You tape counter should handle full hour, minute and second roll over, e.g. if the counter is showing 9:59:59, then the next increment should make it display 10:00:00 and vice versa when decrement is present.
Rather than solving your homework, I'd like to give you an idea. Most designers will tend to implement this clock using digit-by-digit rollover (some digits will rollover from 9-0, others from 5-0). I'd like to propose someting different.
The overall idea is: keep your time value in seconds as an integer. This will greatly facilitate the tasks of incrementing and decrementing. Then, you simply implement a conversion function that returns the number of hours, minutes, and seconds, given an integer number of seconds.
Your clock entity would look like this:
library ieee;
use ieee.std_logic_1164.all;
use work.clock_pkg.all;
entity clock is
port (
clock: in std_logic;
n_reset: in std_logic;
increment: in std_logic;
decrement: in std_logic;
hours: out natural range 0 to 99;
minutes: out natural range 0 to 59;
seconds: out natural range 0 to 59
);
end;
architecture rtl of clock is
signal time_in_seconds: natural range 0 to 359999;
begin
process (clock, n_reset) begin
if rising_edge(clock) then
if n_reset = '0' then
time_in_seconds <= 0;
elsif increment then
time_in_seconds <= time_in_seconds + 1;
elsif decrement then
time_in_seconds <= time_in_seconds - 1;
end if;
end if;
end process;
process (time_in_seconds) begin
(hours, minutes, seconds) <= seconds_to_time_type(time_in_seconds);
end process;
end;
As you can imagine, the workhorse of this solution is the seconds_to_time_type() function. You could implement it like this:
package clock_pkg is
type time_type is record
hours: natural range 0 to 99;
minutes, seconds: natural range 0 to 59;
end record;
function seconds_to_time_type(seconds: in natural) return time_type;
end;
package body clock_pkg is
function seconds_to_time_type(seconds: in natural) return time_type is
variable hh: natural range 0 to 99;
variable mm: natural range 0 to 119;
variable ss: natural range 0 to 119;
begin
hh := seconds / 3600;
mm := (seconds mod 3600) / 60;
ss := (seconds mod 3600) mod 60;
return (hh, mm, ss);
end;
end;
Now you have an entity that outputs separate integer values for hours, minutes, and seconds. Converting those values from integers to BCD, and showing those values on the displays is left as an exercise to the reader.
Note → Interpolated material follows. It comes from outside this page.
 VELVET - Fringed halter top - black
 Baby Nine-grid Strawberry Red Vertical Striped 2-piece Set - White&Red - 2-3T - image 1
The typical way of implementing a counting clock is using binary coded decimal (BCD), where each digit consists of a separate n-bit counter, with a range as needed.
For example, in order to count seconds (from 0-59), you could use something like the following code:
process(clk, reset) begin
if(reset='1') then
second_tens <= (others=>'0');
second_ones <= (others=>'0');
elsif(rising_edge(clk)) then
if(count_en='1') then
if(second_ones = 9) then
second_ones <= (others=>'0');
if(second_tens = 5) then
second_tens <= (others=>'0');
-- Count up minutes.
else
second_tens <= second_tens + 1;
end if;
else
second_ones <= second_ones + 1;
end if;
end if;
end if;
end process;
Minutes and hours can be counted analogously.
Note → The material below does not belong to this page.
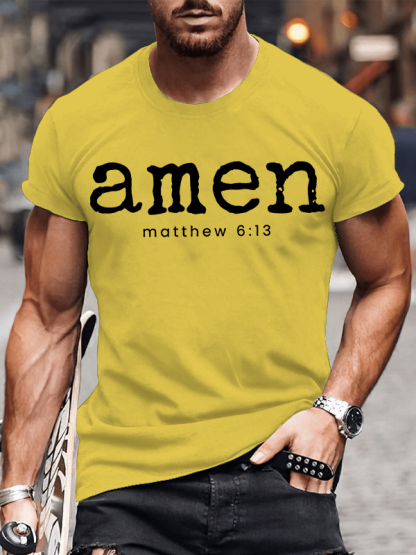 Amen Matthew 6:13 Jesus God Christian Cotton T-Shirt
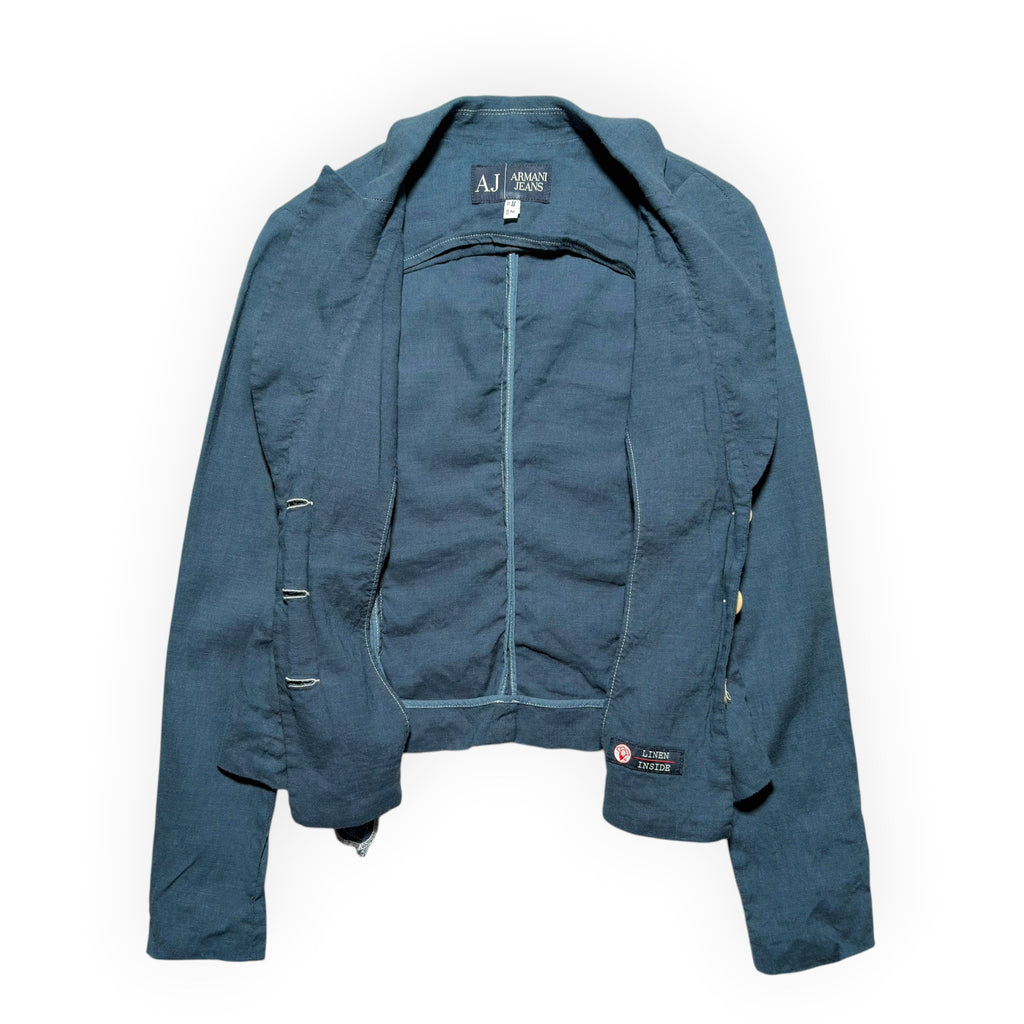 Armani Jeans Linen-Blend Single-Breasted Blazer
You have skipped a step. You are trying to think about code with just a worded problem statement. First step is to design the hardware by drawing a block diagram. Break the problem down into pieces.
Initial partitioning might be Seconds, Minutes, and Hours. If you are counting in BCD, it you may wish to partition it further digit by digit. Work out what your hardware is supposed to do. Draw a picture. Write code that describes what is in the picture.
At the end of the day, your RTL block diagram is your HDL flow chart.